# Train an LLM with custom data

In this notebook we will prepare a training dataset and use it to train our custom model.

You must have `HUGGINGFACE_API_KEY` in a `.env` file for this to work.

First, we'll download a training dataset (only needs to run the first time)

In [1]:
import requests
import os
from dotenv import load_dotenv

load_dotenv()

dataset = "statworx/haiku"
headers = {"Authorization": f"Bearer {os.environ.get('HUGGINGFACE_API_KEY')}"}
API_URL = f"https://datasets-server.huggingface.co/parquet?dataset={dataset}"

def query():
    response = requests.get(API_URL, headers=headers)
    return response.json()

# get the url to the datafile
data = query()
url = data["parquet_files"][0]["url"]

r = requests.get(url, allow_redirects=True)
with open('data/haikus.parquet', 'wb') as file:
    file.write(r.content)

## Prepare the data

Next, we'll load the dataset into a pandas dataframe and prepare a training dataset

In [2]:
import pandas as pd

haikus = pd.read_parquet("data/haikus.parquet")
haikus

Unnamed: 0,source,text,text_phonemes,keywords,keyword_phonemes,gruen_score,text_punc
0,bfbarry,Delicate savage. / You'll never hold the cinde...,deh|lax|kaxt sae|vaxjh / yuwl neh|ver hhowld d...,cinder,sihn|der,0.639071,
1,bfbarry,A splash and a cry. / Words pulled from the ri...,ax splaesh aend ax kray / werdz puhld frahm dh...,the riverside,dhax rih|ver|sayd,0.563353,
2,bfbarry,"Steamy, mist rising. / Rocks receiving downwar...",stiy|miy mihst ray|zaxng / raaks rax|siy|vaxng...,mist rising,mihst ray|zaxng,0.538326,
3,bfbarry,You were broken glass. / But I touched you eve...,yuw wer brow|kaxn glaes / baht ay tahcht yuw i...,broken glass,brow|kaxn glaes,0.703446,
4,bfbarry,Eyes dance with firelight. / The Moon and I ar...,ayz daens wihdh faxr|layt / dhax muwn aend ay ...,eyes dance,ayz daens,0.830985,
...,...,...,...,...,...,...,...
49019,haiku_data_2,Alpine Lake. / Mybreaststrokesshiningarc. / To...,ael|payn leyk mih|brehst|strow|kehsh|hhax|nihn...,toward sunrise,tax|waord sahn|rayz,0.685355,Alpine Lake.
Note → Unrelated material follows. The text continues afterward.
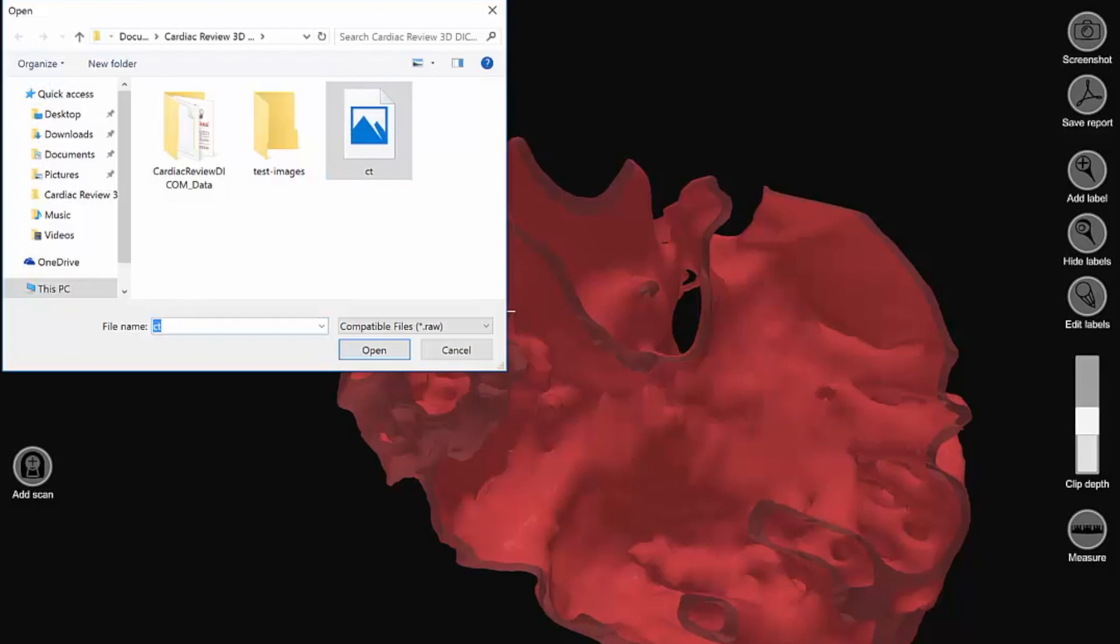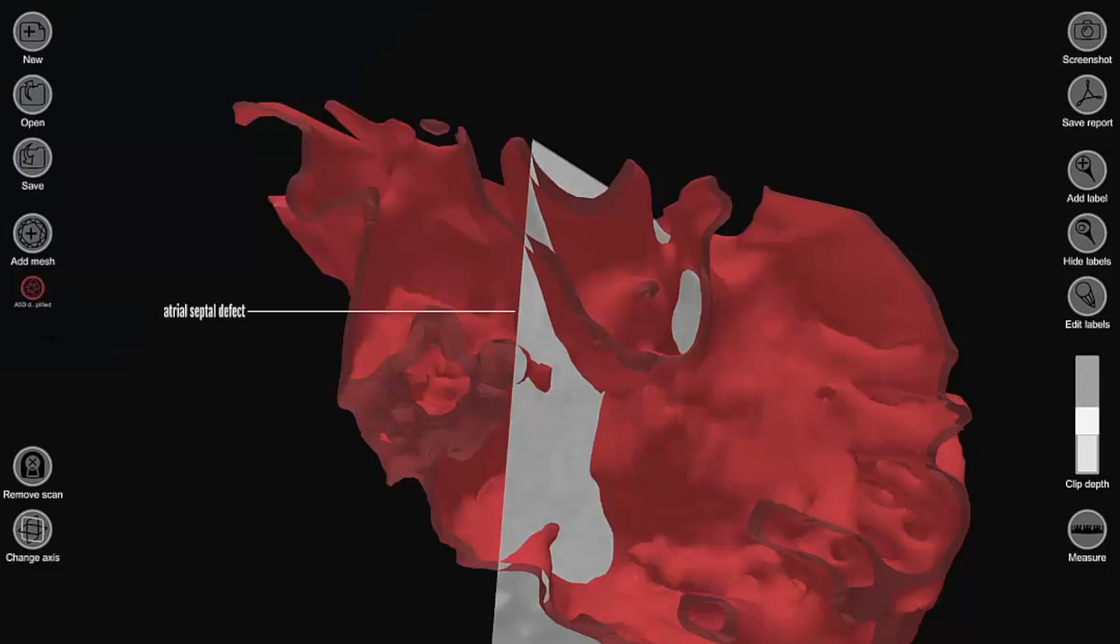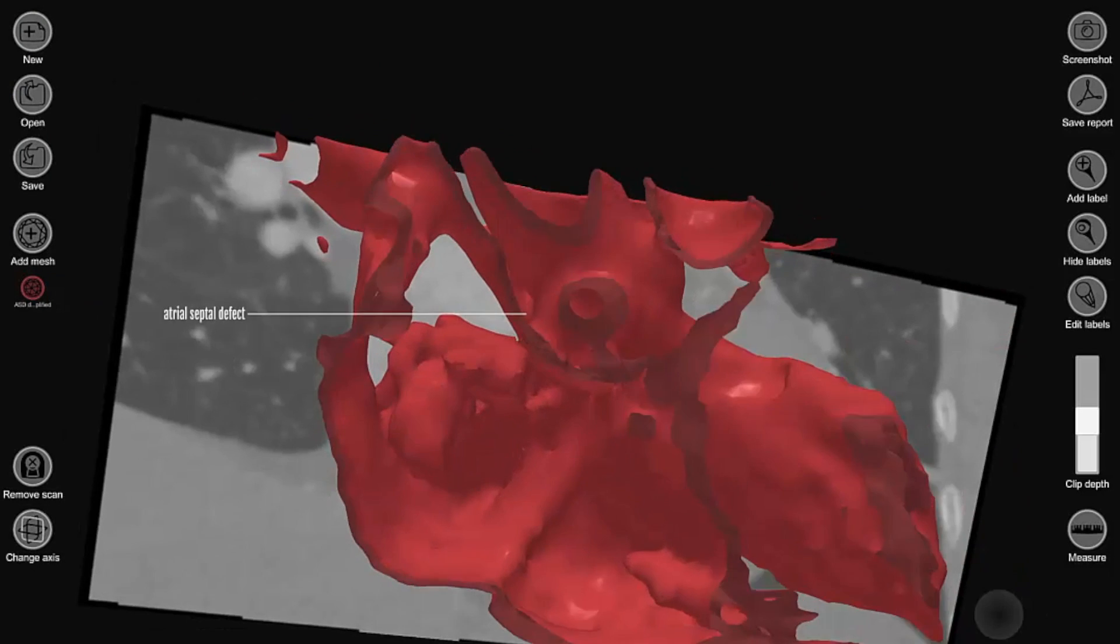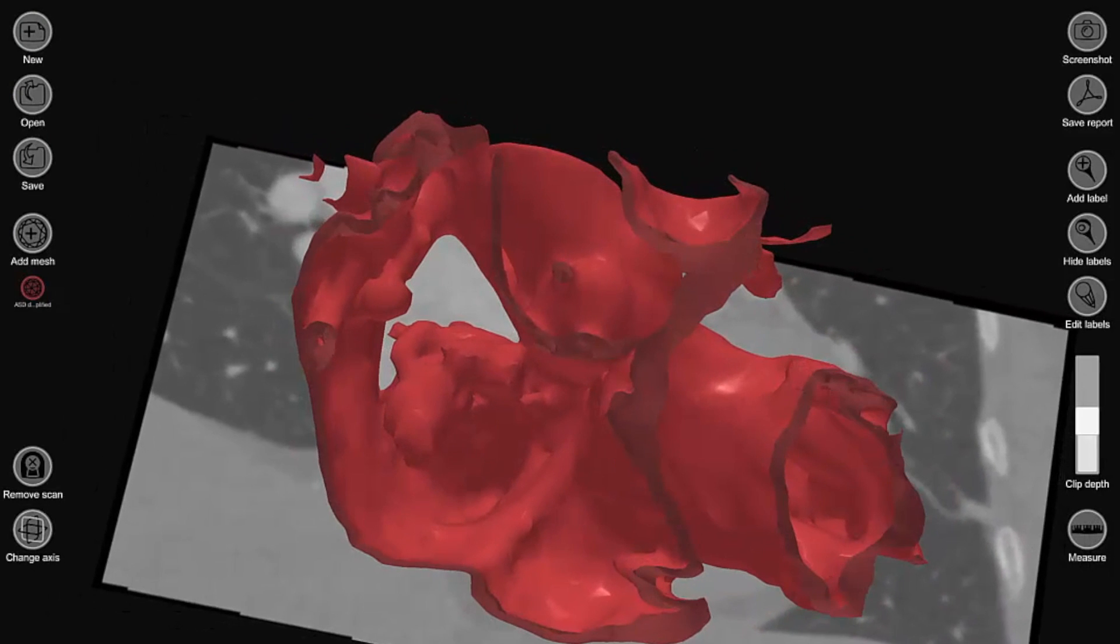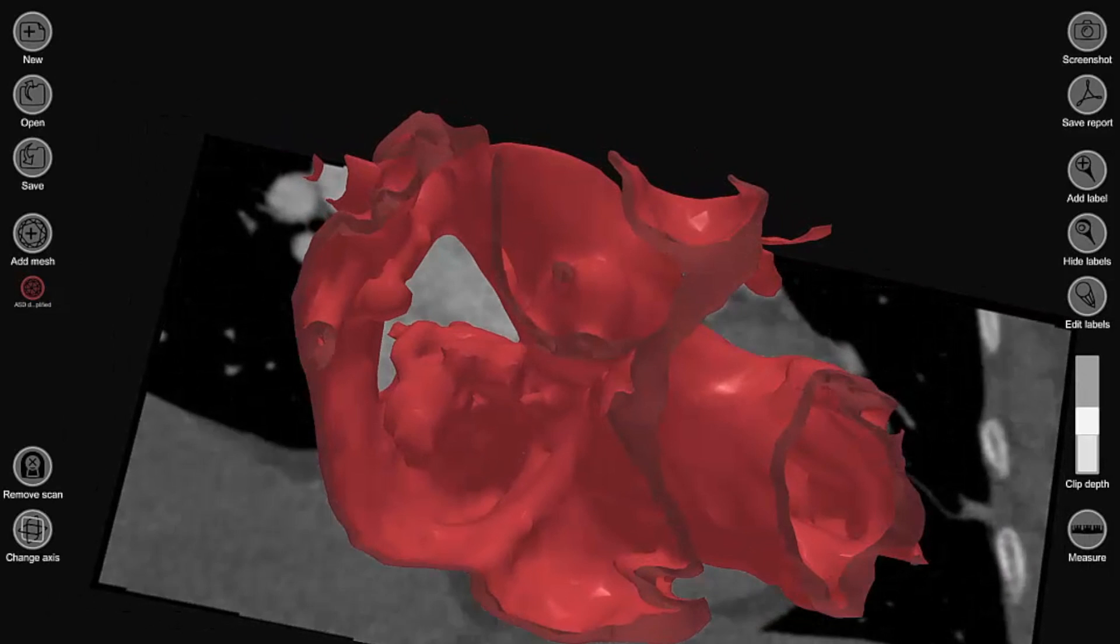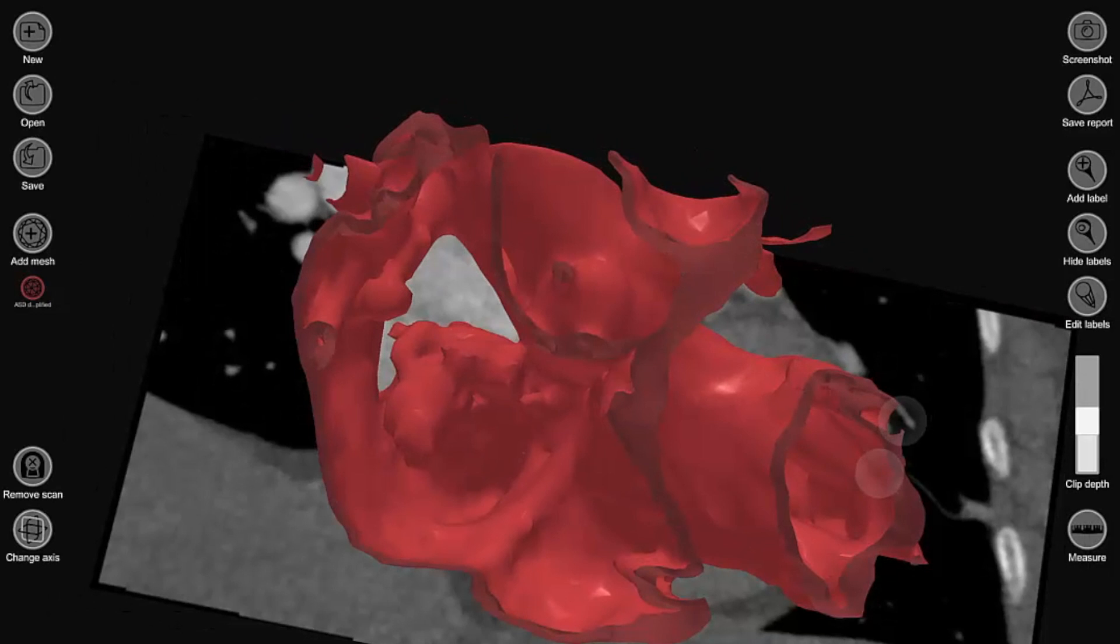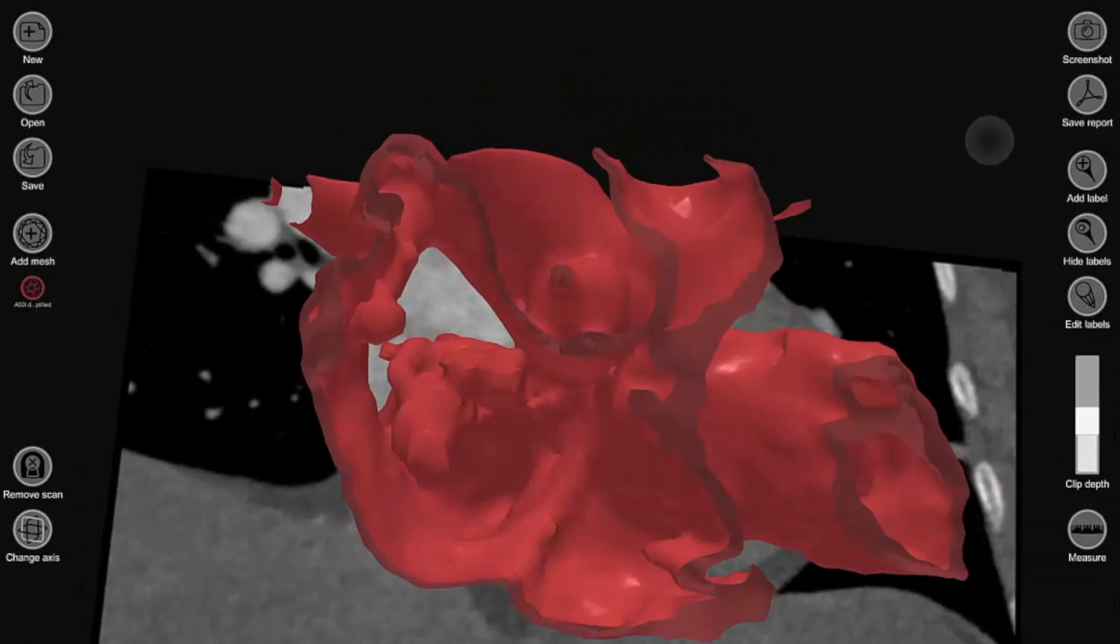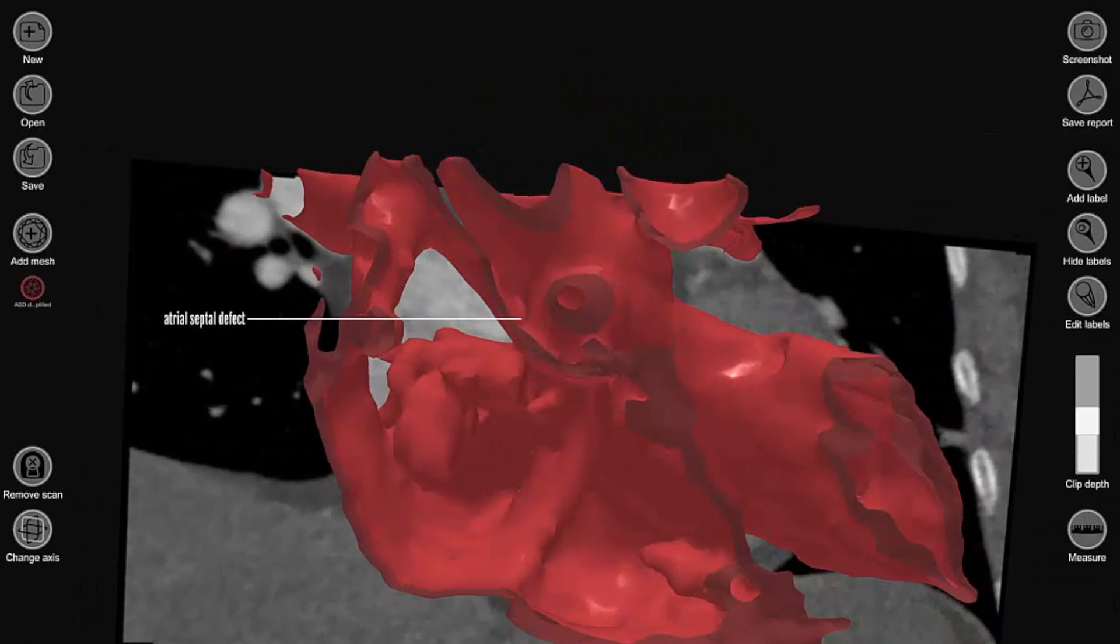In this case, this model of an atrial septal defect was created using a cardiac computed tomography imaging as a roadmap. So here we've loaded up the actual medical images as a background for the 3D model. This helps researchers and clinicians alike understand the defect in great detail.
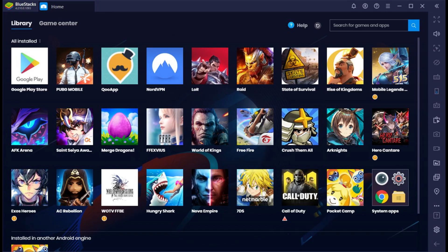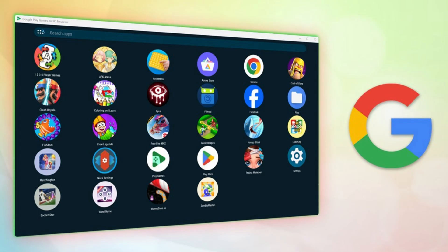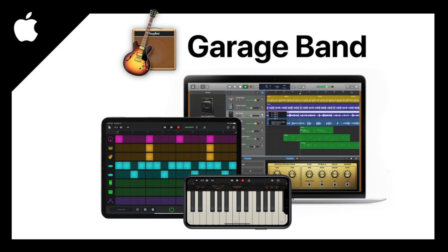Once Bluestacks is installed, launch it. You'll need to sign in with your Google account to access the Play Store. This is essential for downloading apps. Now in Bluestacks, open the Google Play Store and search for GarageBand.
Mybreaststrokesshiningarc. Toward...
49020,haiku_data_2,Spruce Woods. / Fireweed filling. / The vacancy.,spruws wuhdz fay|er|wiyd fih|laxng dhax vey|ka...,woods,wuhdz,0.568974,Spruce Woods. Fireweed filling. The vacancy.
49021,haiku_data_2,Corrugated sun. / Chilies and laundry. / In ro...,kao|rax|gey|taxd sahn chih|liyz aend laon|driy...,sun chilies,sahn chih|liyz,0.551056,Corrugated sun. Chilies and laundry. In roofto...
49022,haiku_data_2,Home from war. / We ease out. / The champagne ...,hhowm frahm waor wiy iyz awt dhax shaxm|peyn k...,home,hhowm,0.697112,Home from war. We ease out. The champagne corks.


In [3]:
# Let's take just a random sample of 5000 of these.
haikus_text = haikus["text"].sample(100)

# print the first haiku
print("Original Haiku format:")
print(haikus_text.iloc[0])

# Add newlines
haikus_text = haikus_text.str.replace(" / ", "\n")
print("\nWith new-lines:")
print(haikus_text.iloc[0])

# Look at 4 more of them
for i in range(1, 5):
    print("\n" + haikus_text.iloc[i])

Original Haiku format:
Starry night. / The queue for skates. / Moves slowly.

With new-lines:
Starry night.
The queue for skates.
Moves slowly.

Snowed in.
Fire wraps.
Around a log.

Last rays of sun.
Crows suddenly.
Goldwinged.

Fireside.
A piece of jigsaw.
Slips into place.

We may start seeing.
A lot of those walking boots.
On people soon, lol.


## This time we'll keep them all

In [8]:
# See if we can get some consistent formatting
haikus["text"] = haikus["text"].str.replace(" / ", "\n")

for i in range(3):
    print(haikus.iloc[i]["text"] + "\n")

Delicate savage.
You'll never hold the cinder.
But still you will burn.

A splash and a cry.
Words pulled from the riverside.
Dryed in the hot sun.

Steamy, mist rising.
Rocks receiving downward crash.
As the jungle weeps.



## Good enough, let's train!

Next up we'll use the "text" and "keywords" columns to construct a training dataset to use for training our model with this filtered set of haikus.

In [9]:
import logging
import os

import yaml

from ludwig.api import LudwigModel

prompt_template = """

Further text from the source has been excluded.